Well the reason is that no user-defined function is called when a struct
is default-constructed and then copied into another variable (the first
one is this(this) which only known the new variable). Hence no user code
can be written that would initialize the payload. Do we need a paradigm
to perform explicit initialization of structs?

Best regards,

Matthias
July 19, 2012
Re: Initialization of std.typecons.RefCounted objects
On 07/19/2012 10:14 AM, Christophe Travert wrote:
> "monarch_dodra" , dans le message (digitalmars.D:172700), a écrit :
>> I think it would be better to "initialize on copy", rather than 
>> default initialize. There are too many cases an empty array is 
>> created, then initialized on the next line, or passed to 
>> something else that does the initialization proper.
> 
> Not default-initializing Array has a cost for every legitimate use of an 
> Array. I think people use Array more often than they create 
> uninitialized ones that are not going to be used before an other Array 
> instance is assigned to them, so Array would be more efficient if it was 
> default initialized and never check it is initialized again. But that's 
> just speculation.

I agree here. Additionally my question: Is it possible (at the moment)
to really do "initialize on copy"? As far as I see it, the only way to
interact here is to implement 'this(this)' which is called after
bit-copying and hence cannot access the source of the copy process.
July 19, 2012
Re: Initialization of std.typecons.RefCounted objects
On Thursday, 19 July 2012 at 08:14:25 UTC, 
travert@phare.normalesup.org (Christophe Travert) wrote:
> "monarch_dodra" , dans le message (digitalmars.D:172700), a 
> écrit :
>> I think it would be better to "initialize on copy", rather 
>> than default initialize. There are too many cases an empty 
>> array is created, then initialized on the next line, or passed 
>> to something else that does the initialization proper.
>
> Not default-initializing Array has a cost for every legitimate 
> use of an Array.

I'm back pedaling and agreeing 100% actually. Plus it keeps the 
implementation simpler. +1 to you.

> Keeping the adress of the content secret may be a valuable 
> intention,
> but as long as properties and opIndex does not allow to 
> correctly
> forward methods, this is completely broken. Is there even a 
> begining of
> a plan to implement this? I don't see how properties or opIndex 
> could
> safely forward methods that uses references and that we do not 
> control
> without escaping the reference to them. That's not possible 
> until D has
> a complete control of escaping references, which is not planned 
> in the
> near or distant future. Not to mention that having a complete 
> control of
> escaping reference break lots of code anyway, and might 
> considerably
> decrease the need for ref counted utilities like... Array.
>
> Please, at least give me hope that there is light at the end of 
> the
> tunnel.

One of the reason the implementation doesn't let you escape a 
reference is that that reference may become (_unverifiably_) 
invalid. Ranges to Arrays, on the other hand, keep a reference to 
the Array itself, and always* remain valid. (always as long as 
the Array doesn't shrink past the range's boundaries, but in this 
case, at least, the range throws an exception, rather than crash 
the program).

A reference to a dynamic array, on the other hand, will ALWAYS be 
valid 100% of the time, because the original data is never 
actually destroyed (until unreferenced). So it is perfectly safe 
to expose references in an array.

So escaping references from an Array is something _very_ 
dangerous, especially in a language that kind of guarantees it 
won't core dump if you don't manipulate pointers (which could if 
arrays escaped references).

While I get your point, it really feels like a "lose lose" 
situation here: You get stiffed either way...with Array...
...That said, I see no reason for the other containers (SList, 
I'm looking at you), not to expose references.

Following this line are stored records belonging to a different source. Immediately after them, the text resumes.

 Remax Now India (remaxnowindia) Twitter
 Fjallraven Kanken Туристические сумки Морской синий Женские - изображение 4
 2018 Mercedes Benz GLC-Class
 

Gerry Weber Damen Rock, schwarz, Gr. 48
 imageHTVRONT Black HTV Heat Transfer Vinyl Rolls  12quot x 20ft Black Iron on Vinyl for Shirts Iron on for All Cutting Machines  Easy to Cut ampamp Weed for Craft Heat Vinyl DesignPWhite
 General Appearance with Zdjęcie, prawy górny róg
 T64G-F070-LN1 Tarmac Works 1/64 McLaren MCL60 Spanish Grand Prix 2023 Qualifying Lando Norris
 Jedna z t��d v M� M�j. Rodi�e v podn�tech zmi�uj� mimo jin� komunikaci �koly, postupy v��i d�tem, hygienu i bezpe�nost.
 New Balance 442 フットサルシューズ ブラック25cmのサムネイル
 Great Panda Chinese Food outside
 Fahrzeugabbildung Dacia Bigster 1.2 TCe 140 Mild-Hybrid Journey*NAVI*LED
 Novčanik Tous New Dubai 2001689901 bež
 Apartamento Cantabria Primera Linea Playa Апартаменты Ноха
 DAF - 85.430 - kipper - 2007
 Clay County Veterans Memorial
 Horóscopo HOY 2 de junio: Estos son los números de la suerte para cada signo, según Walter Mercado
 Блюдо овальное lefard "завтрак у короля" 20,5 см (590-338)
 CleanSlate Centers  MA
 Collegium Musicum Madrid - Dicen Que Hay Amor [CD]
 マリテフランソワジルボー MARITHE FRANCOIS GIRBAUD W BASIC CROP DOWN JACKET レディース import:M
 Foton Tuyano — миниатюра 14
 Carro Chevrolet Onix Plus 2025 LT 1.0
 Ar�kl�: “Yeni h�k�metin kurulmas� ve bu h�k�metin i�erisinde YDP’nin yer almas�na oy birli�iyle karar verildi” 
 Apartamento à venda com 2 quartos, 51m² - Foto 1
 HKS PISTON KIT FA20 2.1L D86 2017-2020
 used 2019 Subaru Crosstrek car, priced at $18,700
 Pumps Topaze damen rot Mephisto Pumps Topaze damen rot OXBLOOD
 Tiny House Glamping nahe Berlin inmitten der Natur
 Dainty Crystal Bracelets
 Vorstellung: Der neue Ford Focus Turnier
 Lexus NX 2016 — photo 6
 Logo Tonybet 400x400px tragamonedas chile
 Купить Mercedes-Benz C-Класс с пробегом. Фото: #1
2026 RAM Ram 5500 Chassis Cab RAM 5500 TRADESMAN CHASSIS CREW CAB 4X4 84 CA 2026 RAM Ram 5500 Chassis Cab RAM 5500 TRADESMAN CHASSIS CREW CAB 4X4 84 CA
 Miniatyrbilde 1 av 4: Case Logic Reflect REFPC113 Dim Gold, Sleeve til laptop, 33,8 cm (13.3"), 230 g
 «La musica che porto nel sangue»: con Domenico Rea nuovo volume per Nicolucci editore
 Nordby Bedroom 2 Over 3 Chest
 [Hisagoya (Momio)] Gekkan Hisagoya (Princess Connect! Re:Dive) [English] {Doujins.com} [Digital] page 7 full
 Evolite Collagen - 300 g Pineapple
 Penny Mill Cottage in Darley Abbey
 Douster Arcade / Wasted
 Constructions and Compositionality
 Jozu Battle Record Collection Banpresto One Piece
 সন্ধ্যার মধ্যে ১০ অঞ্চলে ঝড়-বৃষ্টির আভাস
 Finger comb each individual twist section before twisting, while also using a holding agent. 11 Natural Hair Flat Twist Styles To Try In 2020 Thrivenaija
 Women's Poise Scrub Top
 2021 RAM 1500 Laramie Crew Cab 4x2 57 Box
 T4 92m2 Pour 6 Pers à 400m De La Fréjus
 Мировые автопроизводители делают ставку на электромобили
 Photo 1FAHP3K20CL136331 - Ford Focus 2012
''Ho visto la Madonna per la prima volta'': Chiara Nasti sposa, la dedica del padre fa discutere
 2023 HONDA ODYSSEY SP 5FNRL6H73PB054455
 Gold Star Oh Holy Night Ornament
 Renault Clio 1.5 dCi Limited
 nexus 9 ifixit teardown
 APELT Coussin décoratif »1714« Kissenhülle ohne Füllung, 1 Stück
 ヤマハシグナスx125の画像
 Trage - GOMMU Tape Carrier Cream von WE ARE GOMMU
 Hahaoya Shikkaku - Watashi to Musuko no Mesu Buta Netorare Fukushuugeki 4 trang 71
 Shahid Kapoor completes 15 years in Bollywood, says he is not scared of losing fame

The way I see it, Array *could* escape references, but then the 
whole class would have to be qualified @unsafe (if such a thing 
existed) or something along these lines.

The current work around? Copy-Extract, manipulate, re-insert. 
Sucks.

On Thursday, 19 July 2012 at 10:39:56 UTC, Matthias Walter wrote:
> On 07/19/2012 10:14 AM, Christophe Travert wrote:
> I agree here. Additionally my question: Is it possible (at the 
> moment)
> to really do "initialize on copy"? As far as I see it, the only 
> way to
> interact here is to implement 'this(this)' which is called after
> bit-copying and hence cannot access the source of the copy 
> process.

Good point. The answer is no though. A RefCounted (also known as 
SharedPointer in C++) needs to be initialized first if you want 
it aliased.

Allowing such a behavior is possible, but prohibitively expensive.
July 19, 2012
Re: Initialization of std.typecons.RefCounted objects
"monarch_dodra" , dans le message (digitalmars.D:172710), a écrit :
> One of the reason the implementation doesn't let you escape a 
> reference is that that reference may become (_unverifiably_) 
> invalid.

The same applies to a dynamic array: it is undistinguishable from a 
sliced static array. More generally, as long as you allow variables on 
the stack with no escaped reference tracking, you can't ensure 
references remain valid. Even in safe code.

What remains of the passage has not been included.